I was relaxing with the cameraman in the hotel bar at the end of a day’s filming when I became conscious of a rowdy group of soldiers in Croatian army fatigues on the neighbouring table. Suddenly, there was an almighty bang and one of the soldiers slumped to the floor, literally by my feet.
I remember my colleague saying, in the stunned silence that followed, that he thought it was a wind-up. But then he saw what I’d seen — a hole through the man’s head and blood spattered halfway across the room.
We didn’t know what had happened, or who had fired the shot, and so, fearing for our safety, we headed to our rooms. It wasn’t until the following morning, after an almost sleepless night, that I was told by a receptionist that the police believed the dead man was either an Irish or American mercenary, and that the group had been playing Russian roulette.
It was a truly surreal experience. I recall being shocked at hotel life carrying on as normal, guests tucking into breakfast around the very spot where the man had died, albeit with the blood-stained carpet tiles now removed from view.
There are so many questions about that night I’ve pondered over the years. Who was this soldier? Who were his colleagues? And if indeed they were playing a lethal game of chance, what on earth possessed them to do it? They had obviously been drinking heavily, so had alcohol played a part? Or drugs perhaps? Or was it an elaborate suicide?

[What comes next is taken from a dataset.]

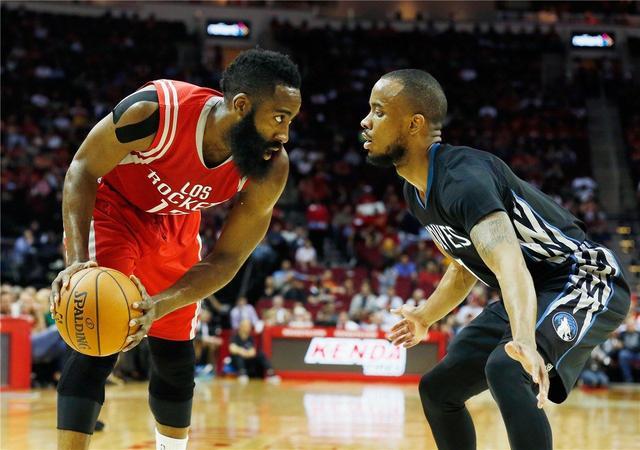 加强了中场 加强了中场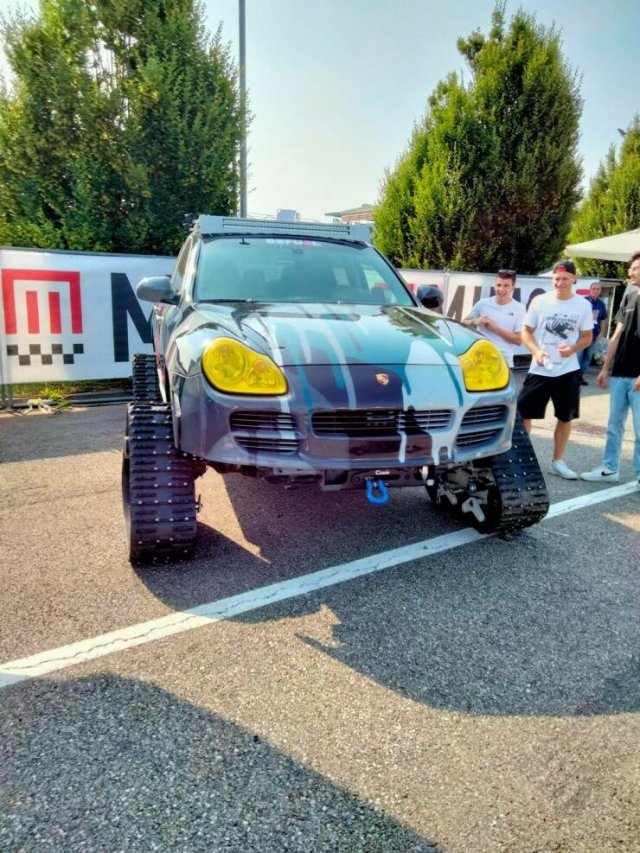 Odd Tuning (28 pics)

I can only guess at the answers. To this day I’ve seen no press reports about the incident; there was, after all, a war on. The only mention of it I’ve found is in a book called Death’s Sting by a retired lieutenant-colonel, Ewen Southby-Tailyour, a novel based on his experience of 32 years in the Royal Marines.

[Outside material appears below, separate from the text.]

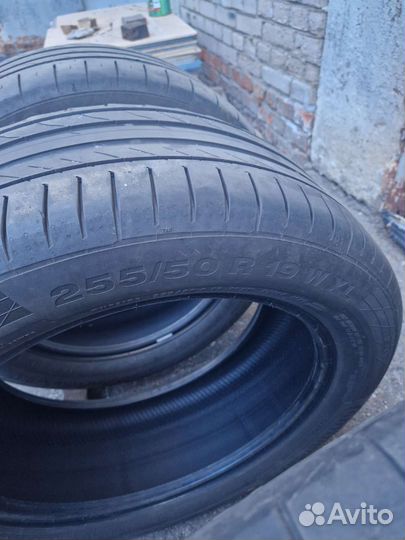 Continental ContiTouringContact 255/50 R19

I made contact with Ewen the other day and it turns out that he was there as well, his recollections almost identical to mine.

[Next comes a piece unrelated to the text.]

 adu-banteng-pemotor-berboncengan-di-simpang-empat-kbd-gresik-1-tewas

But unlike Ewen, who’s seen far worse in his military career, I’ll admit to being haunted to this day by what I witnessed. In all this time I’ve rarely mentioned the incident to anyone; this is certainly the first time I’ve written about it.
Why is it, then, that what happened all those years ago still bothers me even now? After all, I didn’t know the man who died. I don’t even know his name.
Perhaps the reason is this. Whatever religious convictions we may or may not have, the here and now is the only thing we can be really sure of. Being alive, especially in the western world today, is a huge privilege. The very fact that we’re here at all is a miracle. And yet life is so fragile, and humans beings such finely tuned and complex creatures, so prone to self-destruction, that it can all end in an instant.
Of course very few people put a loaded gun to their head, but some of us do take extraordinary risks all the time, whether it’s routinely driving far too fast, texting while driving, smoking heavily, or eating or drinking much more than we should. Some enjoy the thrill of living life on the edge, while others, sadly, are influenced by drink, drugs, depression or chronic stress.
Nor am I talking about a small minority of adrenaline seekers. I’m actually referring to most of us, and yes, to me as well. The majority of gamblers have probably never thought of themselves as such; we may not have visited a betting shop or casino in their life.
There was an astonishing story yesterday, for example, which was rather lost in all the fuss surrounding Brexit, about the Health Survey for England reporting that nine out of ten of us has an unhealthy trait that puts our lives at risk. Two thirds of us have at least two such traits.
What are we doing? Why are we dicing with death? Of course, life is for living, and risk is part and parcel of it. But most, yes most, of us, take significant risks all the time, without even thinking about the odds of an unhappy outcome. Sooner or later our luck will run out. Pity those around us when it does.